The Sox have done nearly everything right in this streak. There was Ellsbury's steal of home, but it was more than that. Justin Masterson continued to show his value with another short-but-sweet start. The front office and manager Terry Francona looked brilliant with the one-day call-up of Michael Bowden, as Hunter Jones and Bowden combined on a perfect eight outs before yielding to Takashi Saito. And the panic began in New York.
"I don't want to get too carried away with what happened this homestand because when we're 2-6, the big thing we talk about is staying in the moment," Francona said. "I think that's the best way to have success is not think about last week. But it was a good homestand for us. That's stating the obvious. And much-needed."
After all the insanity of the first two games of the series, all the runs and late-inning home runs, one was left wondering whether the Sox and Yankees actually could play a normal game. Perhaps Kevin Youkilis taking grounders at shortstop in batting practice was as crazy as this one was going to get.
Then came Ellsbury, the steal yielding to a curtain call and undoubtedly producing today's round of "Did you see that?" in workplaces in New England and beyond. He got put in a good-natured headlock by his manager, and got a whole lot of high-fives from teammates. It was the first steal of home for the Sox since Jose Offerman on a double steal Aug. 30, 1999, and the first straight steal of home by the Sox since Billy Hatcher April 22, 1994.
"I guess this is the point where I sit up here and tell you I got here at 11 o'clock this morning, and pored over reports, and I'm a very smart manager," Francona said. "What we have is a very fast player with some guts."
"Sometimes I get in that zone where I lock everything out," said Pettitte, who had the same thing happen to him with Aaron Hill in a game against Toronto in 2007. "[Posada] just told me to keep an eye on him. I saw Ellsbury out of the corner of my eye. I didn't think he'd be able to steal home. I figured if he took off I would run through my windup and get him out at home. The bottom line is that I didn't run through my windup fast enough to get the ball home fast enough obviously to get him."
And Drew made the ongoing at-bat worth his while, bringing home David Ortiz on a ground-rule double to put the Sox ahead by the eventual final score.

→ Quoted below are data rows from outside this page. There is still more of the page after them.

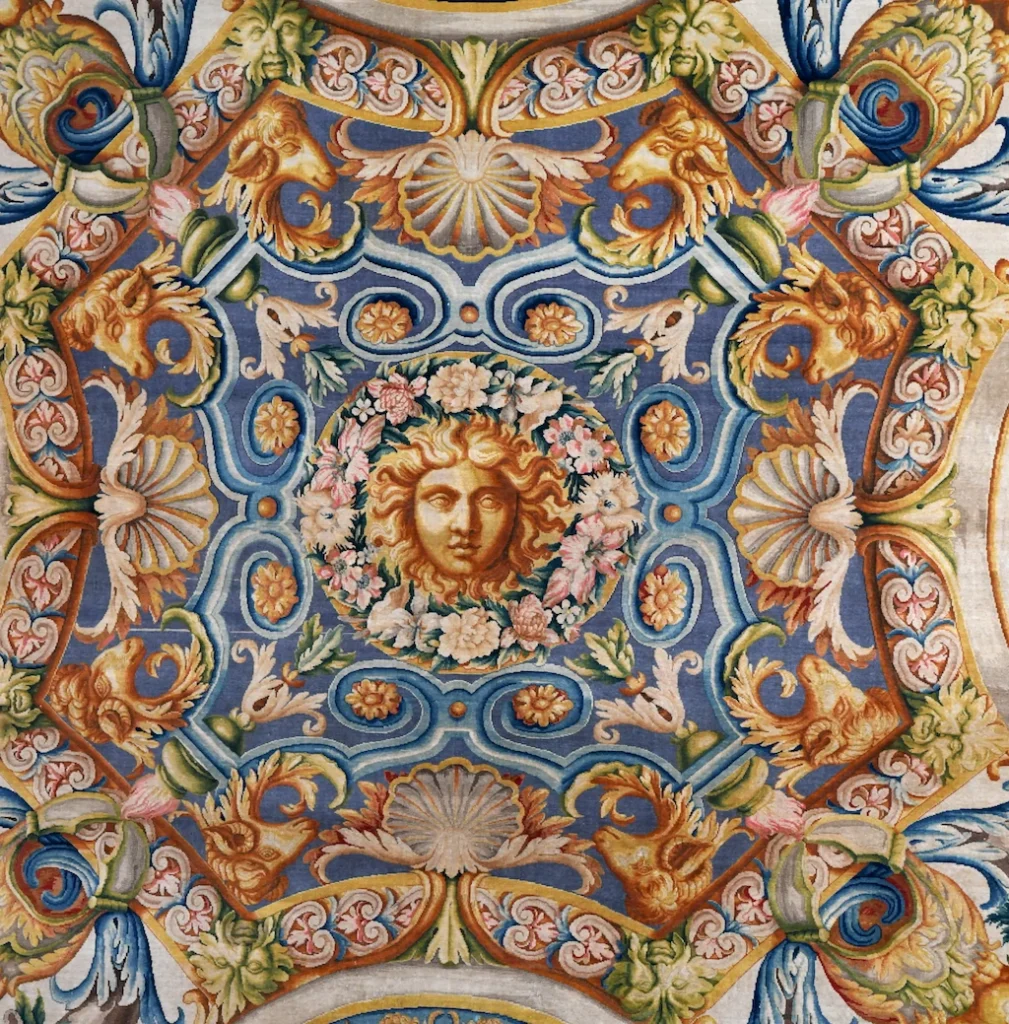 Tête Apollon détail 56e tapis Grande Galerie Louvre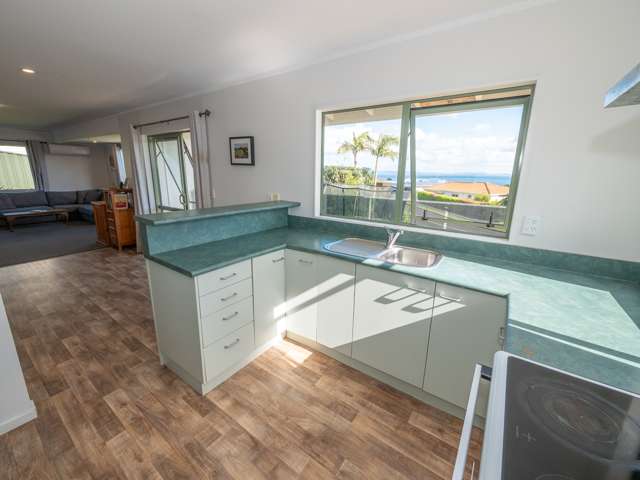 2 Torsby Road Coopers Beach_4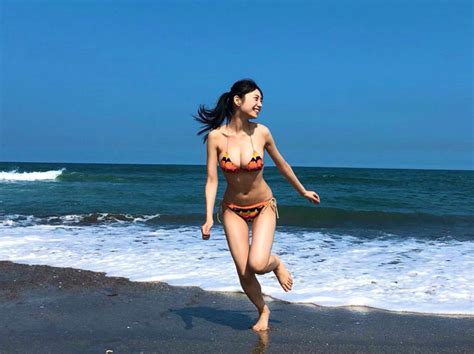 Nmb48 横野すみれ、真夏のビーチで揺れる鮮烈ビキニショット公開！「笑顔が最高」「一番好きな祝日に今日なりました」 Wwsチャンネル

The steal might have been a shock, but one thing was definite. For Masterson, this was going to be more than a reliever-acting-as-starter night. Not just because it was Sox-Yankees, or because it was an ESPN game, but because the Sox had bullpen worries. Ramon Ramirez wasn't going to pitch. Neither was Manny Delcarmen. Or Jonathan Papelbon.
And though he stumbled slightly in the third, allowing a run when Hideki Matsui singled then came around on a Brett Gardner sacrifice fly, he was far more efficient and far better at his task than Josh Beckett had been the day before. He got through 5 1/3 innings, throwing 99 pitches, and left the game to Jones with the Sox ahead by three.
"He was terrific," Francona said. "He attacked the strike zone. He changed speeds. I thought he had good depth on his slider, threw a couple changeups, got his fastball by a couple guys."
Then he headed out of the game. The Yankees went quietly from there, a whimper to finish an absolutely electric series for the Red Sox, an electric homestand, an electric winning streak.
"Everyone's excited, obviously," second baseman Dustin Pedroia said. "Any time you go [undefeated] on a homestand, we've been playing good baseball. So our biggest thing is get back on the road, and play a lot better than we did last road trip."